In traditional languages, you can print iteration by iteration the intermediate result and understand if there is something wrong.

In SQL you sample output, and you keep changing the query until you think you get it right. And then 2 years later someone else finds that the query was wrong all this time.

5 comments

Common Table Expressions (CTE) do help a little, as you can query each “table” and inspect the output. Debugging a giant query with deeply nested sub queries is very painful indeed
So do table variables and temp tables.
> The trial and error is the worst part.

I don't know about anyone else, but I do this kinda naturally when writing SQL queries. Usually start with a base table, query the first 100 rows to see what the data looks like, start joining on other tables to get info I need, querying as I go to check join conditions, perhaps build out some CTEs if I need to do some more complex work, query those to check the format of the data ... And so on.

It doesn't feel that different to any other programming in that sense. Querying is printing.

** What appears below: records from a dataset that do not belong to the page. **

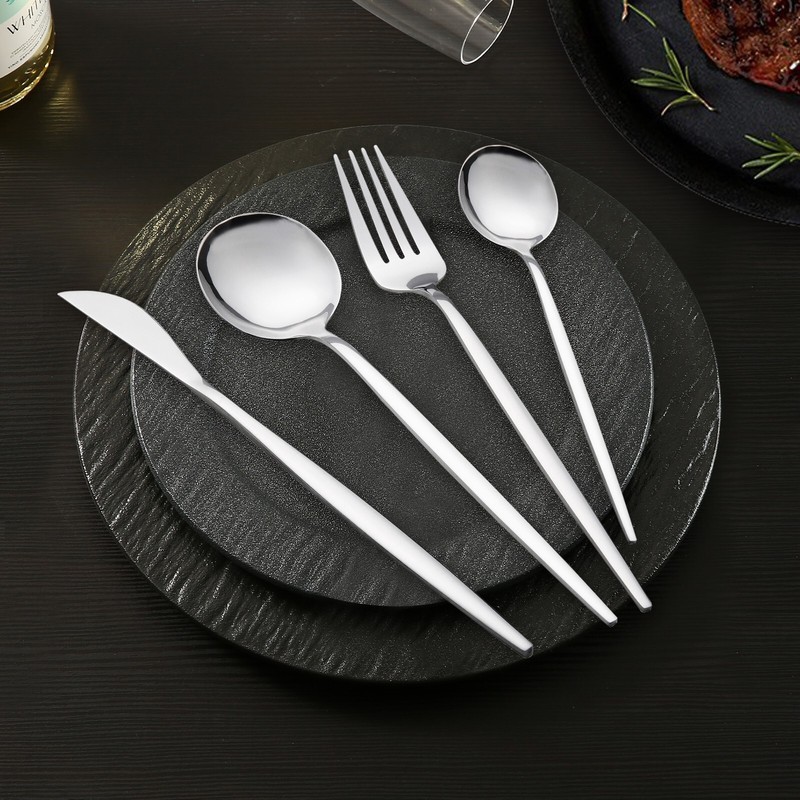 24pcs Silverware Set for 6, Flatware Stainless Steel Cutlery Utensil Kitchen gallery
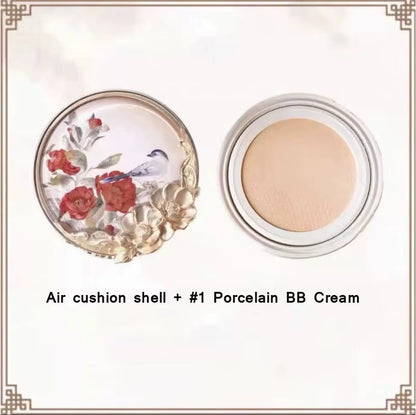 Flower Knows Air Cushion BB CC Cream Water Softening Oil-Control Makeup Base Foundation Light and Evenly Concealer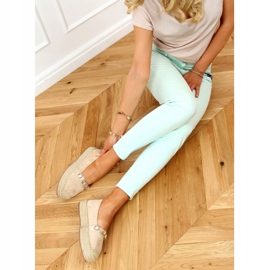 Espadriller med stenar beige 100-131-SC-1 Beige 2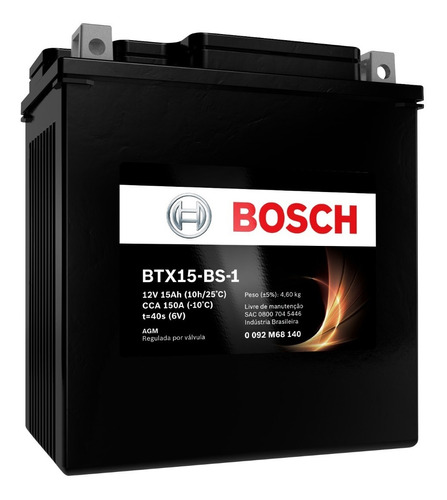 Bateria Ytx16-bs Bosch 15ah 12v Cbx750f 7 Galo Tiger 11-16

> you can print iteration by iteration the intermediate result

You would not be able to do that with a multi-threaded/multi-process application.

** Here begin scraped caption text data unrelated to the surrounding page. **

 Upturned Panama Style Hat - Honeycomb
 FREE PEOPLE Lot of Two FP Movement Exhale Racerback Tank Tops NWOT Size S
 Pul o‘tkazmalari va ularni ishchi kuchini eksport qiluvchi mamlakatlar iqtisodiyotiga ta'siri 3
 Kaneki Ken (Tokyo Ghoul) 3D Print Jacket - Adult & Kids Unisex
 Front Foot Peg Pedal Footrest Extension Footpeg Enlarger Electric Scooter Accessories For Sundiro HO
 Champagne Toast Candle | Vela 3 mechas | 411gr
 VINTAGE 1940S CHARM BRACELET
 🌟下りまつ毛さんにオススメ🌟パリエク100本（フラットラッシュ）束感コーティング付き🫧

And this is the reason why e.g. Trino/Presto is so powerful together with SQL.

Instead of telling the computer how to go by to get your result, you tell it what result you want and let it do it in the best way.

The most up-front way of telling a computer "how" is a for-loop. And SQL does not have it. It may seem limiting, but avoiding explicit for loops gives the freedom to the computer. If it sees it fit to distribute that calculation over 200 distributed CPUs it can do that. With an imperative language you need to tell the computer exactly how it should distribute it. And from there it gets really hairy.

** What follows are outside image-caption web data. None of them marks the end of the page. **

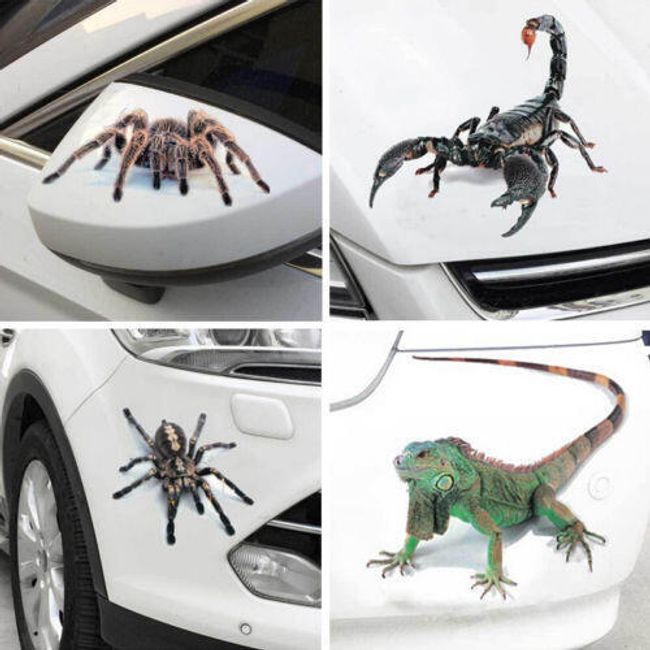 3d Stiker Za Kola 4 Ekzotichni Varianti Shipgratis Bg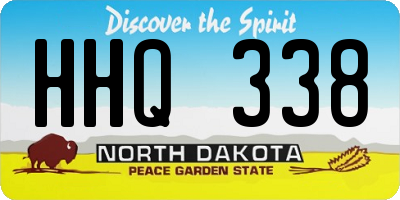 ND license plate HHQ338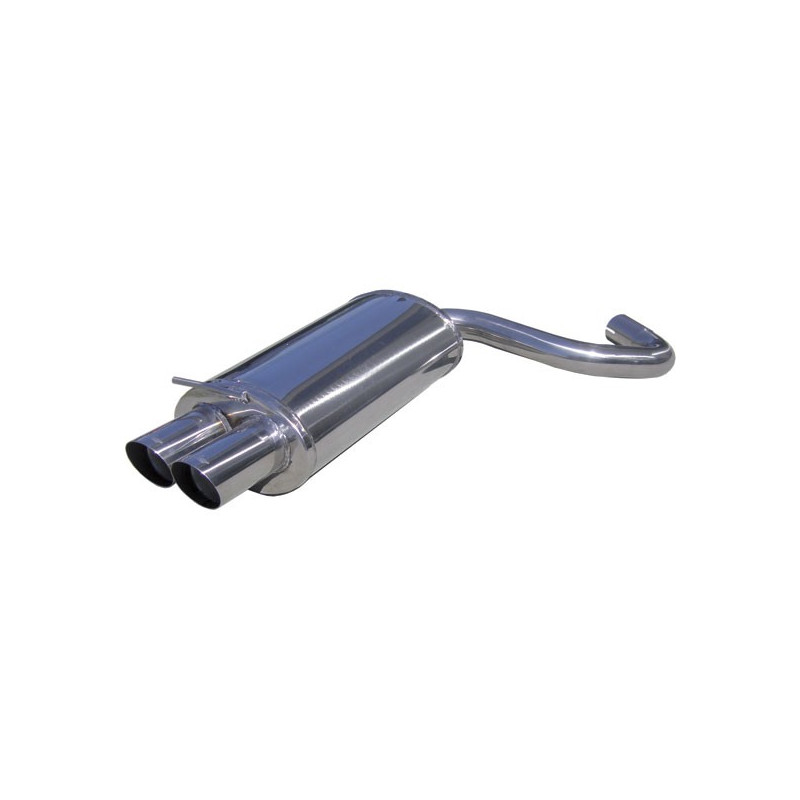 Terminaux / Silencieux Inoxcar Inox BMW E90 320d 2x76mm Racing - IC-OVBM16RA - OVBM.16.RA - 3661768275641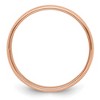 Black Bow Jewelry 6mm 14K Rose, White, or Yellow Gold Half Round Milgrain Standard Band - 2 of 4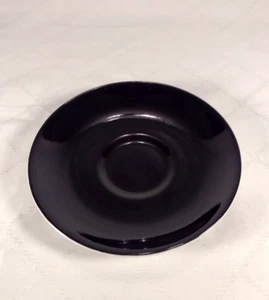 Royal Grafton Fine Bone China Casino Saucer Black Gold MCM 70's - Picture 1 of 6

In development I don't need it to be multi-threaded. 1 thread is fine, as long as I can explain, step-by-step, how the calculations produced the output.
If you don't need threads in development OR production, you might as well do SELECT * from users and do the join in your imperative code.

If you need threads in production I think you will end up getting rid of your for loops anyway (or possibly, if you really want to, end up in a mutex/semaphore quagmire).

I must say, though, that there are other benefits with a declarative approach than just avoiding threading issues. But I guess it takes some getting used to.

I would say that the same "I cant step through my code" argument also goes for functional style code.

> If you don't need threads in development OR production, you might as well do SELECT * from users and do the join in your imperative code.

Except that it most likely will be orders of magnitude slower. Most databases are very good at what they are doing.

Yes. Kind of my point to. But the OP missed the possibility to step through the code.
sure you can. set the concurrency limit to 1. If you're debugging the logic and not some race condition then this works perfectly fine. Remember to profile afterwards though
Trial and error is usually a bad idea in all kinds of programming.
I mean, I never build a query from front to back. Usually I build it FROM -> JOIN -> WHERE -> SELECT.
Start off with SELECT * then once the joins are working, filter * down to the essentials.